All the galaxies in the Universe host a supermassive black hole of unknown origin at their center and the mass of the black hole correlates with that of the galaxy bulges. This indicates that the supermassive black holes influenced the galaxy evolution and vice versa. Understanding how this has happened is a major goal of modern astrophysics.

20% of these supermassive black holes accrete matter, forming very bright objects named active galactic nuclei. From the vicinity of the supermassive black holes, they emit X-rays that, thanks to their penetrating power, can probe matter along the line of sight. This allowed astronomers to detect blue shifted and ionized Iron absorption troughs (around 7-10 keV) due to fast outflowing gas in about 40% of nearby active galactic nuclei. In some cases, these “winds” seem able to carry enough energy to sweep away the interstellar dust in the galaxy bulges, thus installing a feedback mechanism able to self-regulate the star formation and the central black holes growth. In other words, they can possibly explain how the supermassive black holes and the galaxies co-evolved across cosmic times.

The X-IFU’s high collecting area over two decades of energies (0.2-12 keV) and its very high spectral resolution (2.5 eV up to 7 keV) will allow us to test this hypothesis by studying the geometry and physical state of the winds via detailed spectral analysis of the associated absorption and emission features. We are thus using toy models to simulate “typical” nearby active galactic nuclei spectra to infer how the X-IFU will map the entire space of the physical parameters of the winds. We are considering ranges of ionization states, and/or velocity, and/or absorbing columns that are inaccessible to the current X-ray telescopes. This information will be crucial to firmly assess the real wind energy injection onto the host galaxies and thus to verify the initial hypothesis.

Moreover, we plan to use theoretical models to test the launching mechanism of the winds. We now think that the radiation pressure due to the extremely high luminosity of active galactic nuclei and/or the high magnetic field originated by the accretion onto the black holes may drive the outflows. These scenarios predict different variability patterns, density, and ionization profiles of the flows and, possibly, different shapes of the emerging absorbing troughs (Fukumura et al. in prep.).  We are thus planning to study if and how the X-IFU can be used in disentangling between these two scenarios.

By Mauro Dadina
Researcher at INAF/OAS

Fig.1: Simulated X-IFU spectrum for a “typical” nearby active galactic nucleus. To test the capabilities of the X-IFU to study the fast winds generated in the active galactic nuclei, the intrinsic power-law continuum is here absorbed by four components (the cold column due to our Galaxy, plus three so called warm absorbers often seen in nearby objects) that are “usually” observed with the current X-ray facilities, even if not always at the same time. On top of those, there is also a fast outflowing wind launched via a magnetic field mechanism. All of these components are expected to originate a plethora of absorption lines (see the upper panel for the theoretical model) that are clearly visible in the X-IFU data (see lower panel).
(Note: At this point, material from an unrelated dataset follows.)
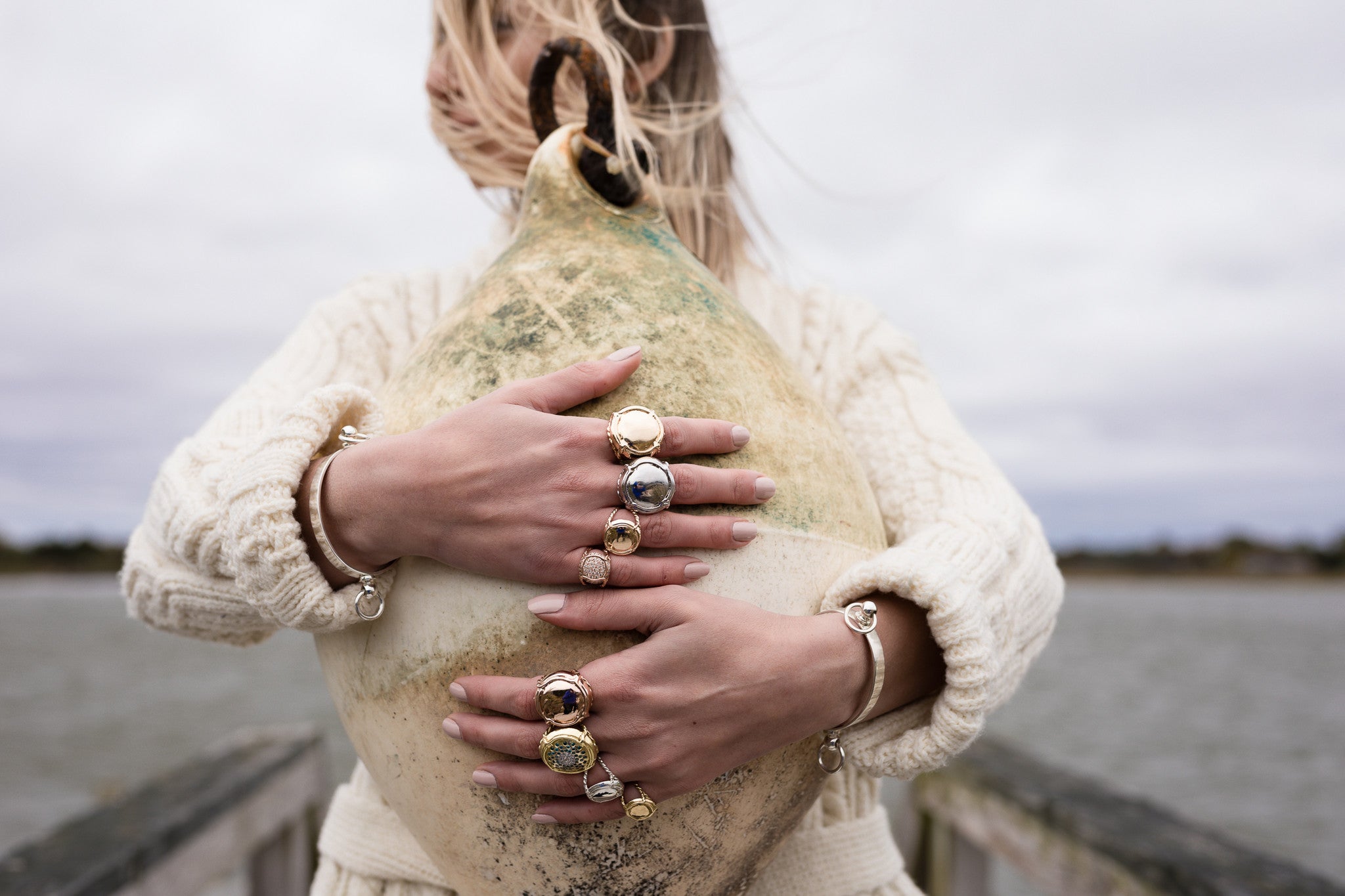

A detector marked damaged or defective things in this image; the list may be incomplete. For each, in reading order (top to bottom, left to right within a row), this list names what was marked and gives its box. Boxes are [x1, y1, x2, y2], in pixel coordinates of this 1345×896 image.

rusty metal hook [528, 37, 644, 207]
Fig.2: Zoom in of the 0.6-1.3 keV region of the spectrum presented in Fig. 1. In this case, the underlying model does not include the magnetically launched wind (all the other absorbers are still present, see the red model in the upper panel). Asymmetric absorption features due to OVIII, NeX, FeXXIV are clearly visible in the data-to-model ratio (lower panel) that allows highlighting the blue tail of the absorption troughs, one of the possible signatures of this wind launching mechanism (Fukumura et al. in prep.). It is important to note that the X-IFU will allow the systematic use of the soft X-ray band to study these fast winds. This has been possible only in very few objects with current X-ray telescopes.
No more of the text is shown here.